Some of you will have had occasion to poke around in the network settings of your Mac, iPhone or iPad and you may have come across the term DHCP and wondered what it meant. In most situations, you will find the network configuration of your device will be set to Configure Using DHCP. So what is DHCP and what does it do?
DHCP stands for Dynamic Host Configuration Protocol. Sounds complicated right? It's not! What it means is simply this: instead of you needing to know all the settings that your device will need to connect to the network and internet, there is some device already on the network that can give you those settings automatically so that you just don't need to know!

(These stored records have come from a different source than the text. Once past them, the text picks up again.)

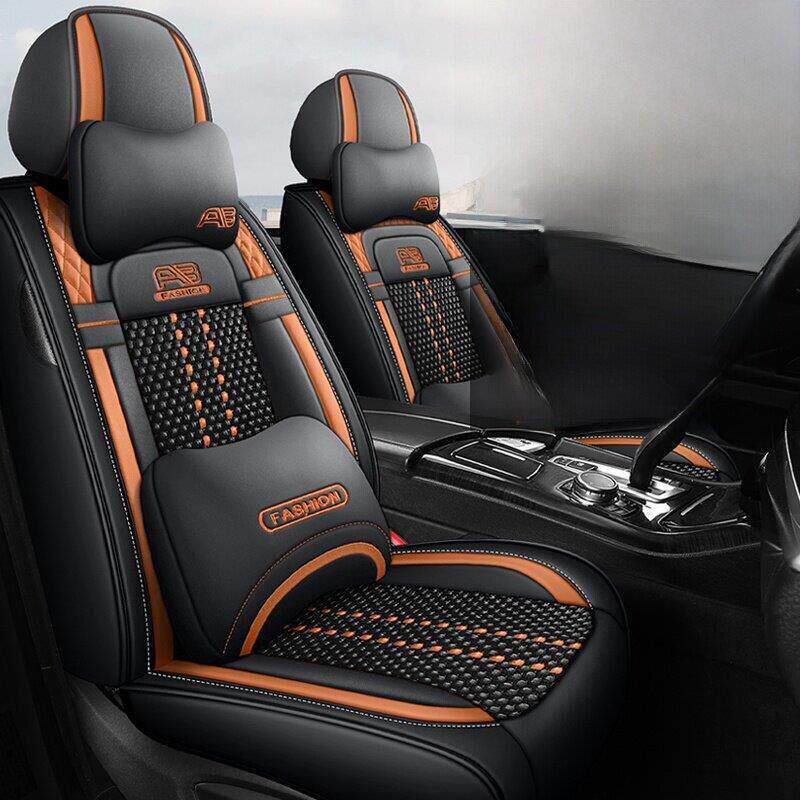 马自达3昂克赛拉马六6/CX5/CX-4马2专用坐垫四季通用全包冬季座套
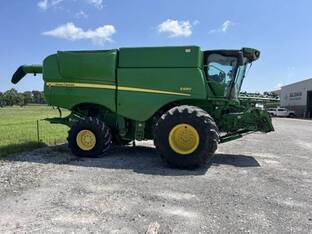 2013 John Deere S680
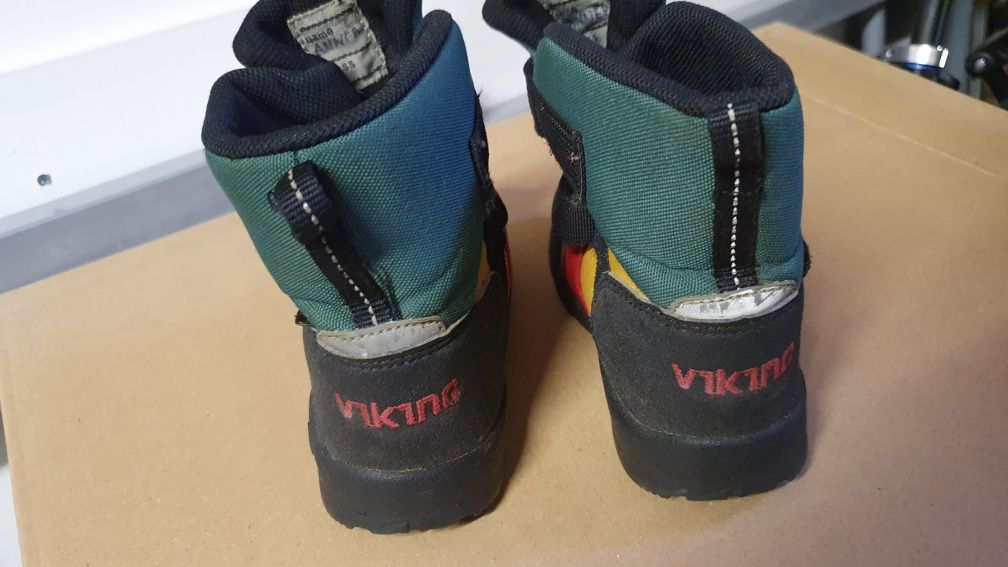 Sprzedam buty dla chlopca Viking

Usually, the device that does this is the router that connects you to the internet. Your own device, say your Mac or iPhone, simply sends out a message on the network asking if any device out there can provide it with the settings it needs. Usually there is one and it sends back a message which says "Hi! I'm your router and I'd be pleased to help. Here are the settings you need. Have a nice day!"
Once this happens, your device is automatically configured with those settings and Voila! you are connected to the internet. Clever eh?

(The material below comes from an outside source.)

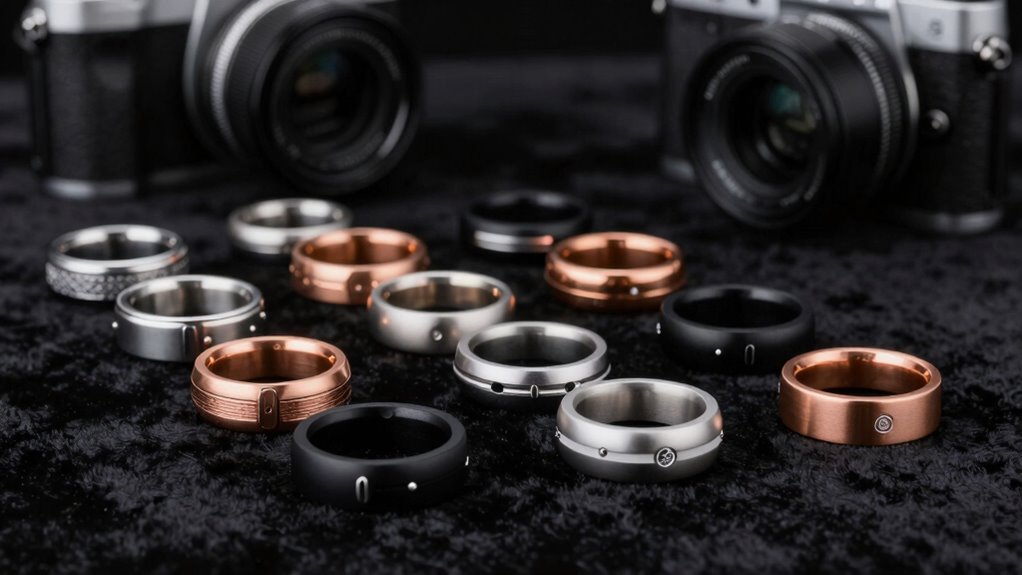 top sleep ring picks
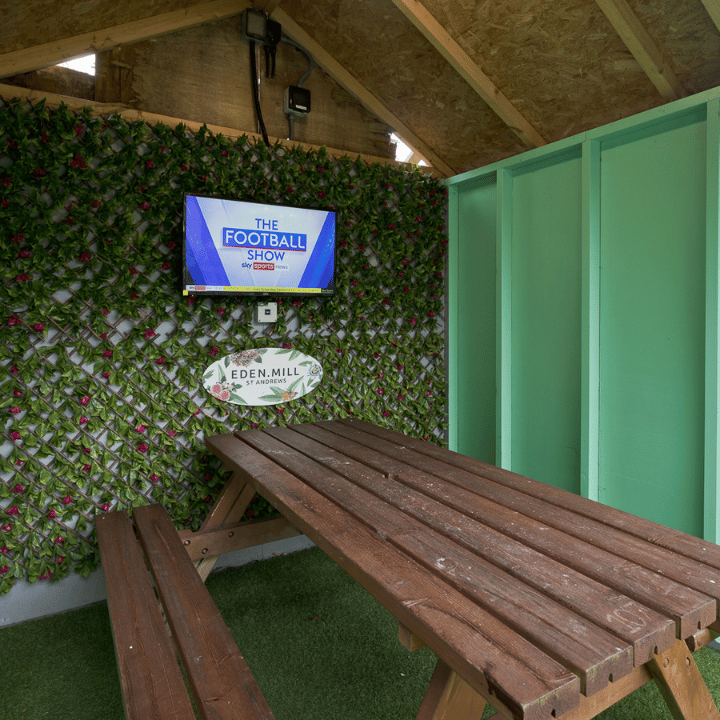 Social Pub & Kitchen Beer Garden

Sometimes, if there is no DHCP Server available (the device that gives out this information, such as a router), your device will not be able to get these settings and will not be able to get on the internet. On the Mac, you will usually see this indicated as an exclamation mark in the Airport menu (on the menu bar). If you look further by going to Apple Menu -> System Preferences and then choosing the Network pane, you will see more indicators that this is the problem.
As you can see in the image above, the status will show that it has a self-assigned IP address and the IP address will usually start with 169.xxx.xxx.xxx in this case. When you see this, you can be sure that the problem is that your device is not able to get an IP address from the router (or DHCP server). There are many reasons why this could be the case, but it's an excellent first step in finding the problem!